Imagining an Alternative Workforce Structure for the Accounting Talent Shortage
BusinessIn 2025, Jobs and Skills Australia added tax accountants and external auditors to the country’s Occupation Shortage List—a move consistent with Chartered Accountants Australia and New Zealand’s earlier findings of accountant shortages across states and territories.
The pipeline of critical accounting talent continues to decline even as demand for the same is projected to rise to approximately 28,000 by 2029. That’s three years from this time of writing.
To meet that number, government and industry bodies must pursue targeted investments in education and policies to both support skill development and lower barriers to entry. But even those could take years to yield the qualified professionals businesses needed yesterday. There lies the challenge: How should firms structure their workforce in the meantime to sustain operations
Rethinking Workforce Architecture
The traditional pyramid model pictured above assumes graduates want to climb their way up to partner. While that may be true for many, the scheme only works when the talent supply is healthy.
At the moment, junior accountants often end up spending years performing data entry and reconciliation before touching advisory responsibilities. Mid-level staff get trapped in process management instead of developing strategic capabilities. And then we have partners, who carry heavy workloads because there aren’t enough seniors ready to take on client relationships.
In our view, the shortage of accountants in Australia is as much about championing the development of existing talent as it is about finding new hires. Firms must then address another question: How could they restructure the way work is distributed to pave faster pathways to senior capacity?
The Modern Diamond Model
At TOA Global, our more-than-a-decade-long work with accounting practices has allowed us to develop an approach that distributes work across three tiers based on expertise rather than tenure alone:
Partners: 100% Local
At the top of the diamond, partners remain focused on client relationships and practice leadership. They stay 100% local since their roles require deep market knowledge and the judgment that comes from years of industry experience.
Managers, Seniors, and Intermediates: 70/30 Local-Offshore Mix
The middle tier is a split: the 70% local portion focuses on technical reviews, client-facing advisory, and team leadership. The 30% offshore, on the other hand, handles compliance work and quality assurance tasks that require accounting expertise but may not necessarily demand local presence.
Tech + Offshore: Foundational Tier
The combination of tech automation with offshore capacity at the bottom of the diamond can serve high-volume, process-driven work well. That includes bookkeeping, data entry, document management, and initial reconciliations.
This layer provides capacity that doesn’t compete for scarce local talent and doesn't create bottlenecks during busy seasons.
How the Model Accelerates Careers
The diamond talent model aims to remove common bottlenecks in career progression.

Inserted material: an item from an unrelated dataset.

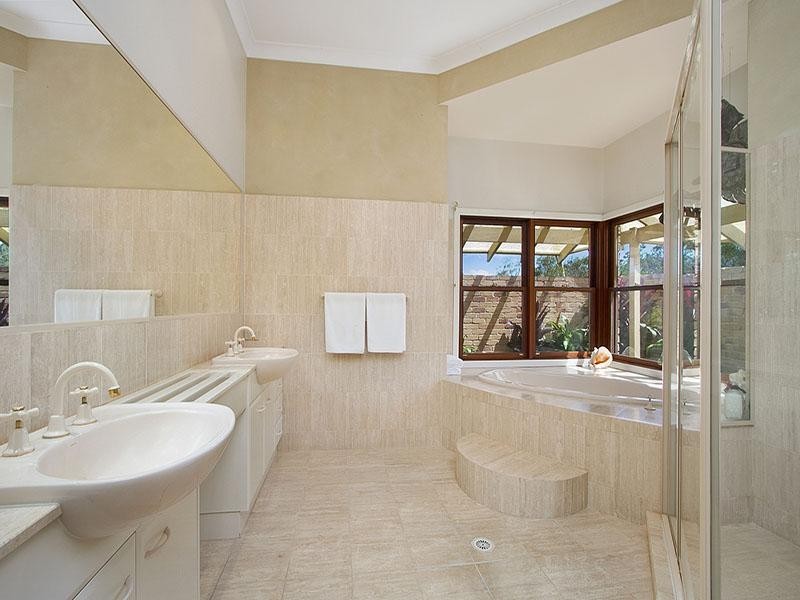 111 Solway Crescent, Carbrook QLD 4130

When graduate accountants aren’t spending their entire time on data entry, they can begin engaging with client-facing work earlier in their tenure.
Similarly, mid-level accountants who manage offshore colleagues and coordinate workflows across distributed teams can develop the leadership skills and eye for judgment they’ll need as senior leaders.
And for highly experienced accountants, the model is about protecting capacity. With compliance tasks managed at the foundational tier, senior talent can focus on higher-value advisory and client relationship building—work that tends to keep them engaged in the profession longer.
The Two-Office Strategy
Ultimately, the career progression promised by the diamond model hinges on how well global team members are integrated into your practice. We call this the two-office strategy.
In practice, it means shared tech platforms, real-time collaboration tools, same quality standards, and regular communication cadence across time zones. The goal is for offshore accounting teams to function as an extension of your in-house capability. They’re the same team but in a different location.
Bridging the Present to Long-Term Solutions
The accounting talent shortage requires action at multiple levels across education, immigration reform, and retention programs. These changes are non-negotiable if we are to rebuild the pipeline over the long term.
However, practices don’t have the bandwidth to wait for these solutions to mature. They need to continue serving clients and pursuing growth while simultaneously advocating for the career development of existing teams. That is to say, turning graduates into senior advisors and keeping experienced practitioners in the profession longer by protecting them from burnout.
What we’ve found is that the diamond model can support this need. Fundamentally, it’s about matching the right work to the right capability level, which should render it effective even as talent supply conditions eventually improve.